Welcome brokenbree I am so sorry you had to be surrounded by people like that :(
I will never understand. Unfortunately there are idiots in this world. I am so glad things are moving along quickly for you and your BF though. Keeping my FX'd for you. I lost my little bean at 10 weeks 5 days on March 11 but the baby stopped developing at 5 weeks. :( I found out one week prior during my ultrasound. It was the most painful and emotionally draining experiences I've ever been through. Now I am trying to figure out what my body is doing.
 
Conina, I think I missed that - congratulations!

Welcome, Brokenbree, so sorry to hear of your loss and how badly you've been treated by your 'friend' and your work. It will take you and your boyfriend a little while to grieve and heal, don't be surprised about that. A M/C can mess up your cycles a bit, or not, and can also change the symptoms that you used to experience normally for your period and ovulation. That's been my experience anyway, and it's frustrating not to know what's going on in your body. GL to you for next time (and maybe even this time!).
 
Hi Bre, so sorry for your loss, hope you get your BFP soon.

Congrats Conina!
 
Conina: CONGRATULATIONS!!! Eeeeek! :) x

Angelbaby: I know right... I have that here too. But, Chloe doesn't take naps anymore. I was having to have DH wake me up when he gets home at 5am for baby dancing.
 
Yay conina! That is great news! Your rainbow

Squig, I hope this is I. I bet when you do test your line will be sooo dark. Or I guess bloods at the hospital will be very high.

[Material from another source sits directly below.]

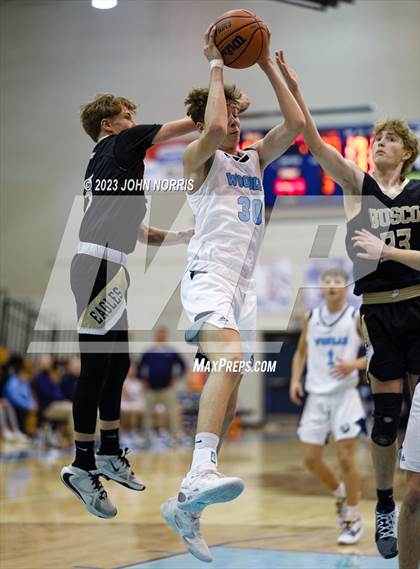 Thumbnail 2 in Churubusco @ Woodlan photogallery.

Welcome to our group Bree. This is a great set of ladies with excellent support.
 
Conina - congrats!!!!! What's your EDD?

Squig - 5 days late what?! You are so preggers!! Will you test again?

Brokenbree - so sorry for all you have been through. You will fit right in here :hugs:
 
Resized our gif banner. Kept Ted in there though :haha:

https://i.imgur.com/Wpfy1wR.gif

PHP:
[url=https://babyandbump.momtastic.com/ttc-after-loss/2064483-ttc-rainbow-join-us-13-ladies-so-far.html][IMG]https://i.imgur.com/Wpfy1wR.gif[/IMG][/url]

I'll also add it to the front page.
 
Ok! Congrats again lovely :D How exciting. Lots of BFPs in the second half of April so far. I hope it spills into May!!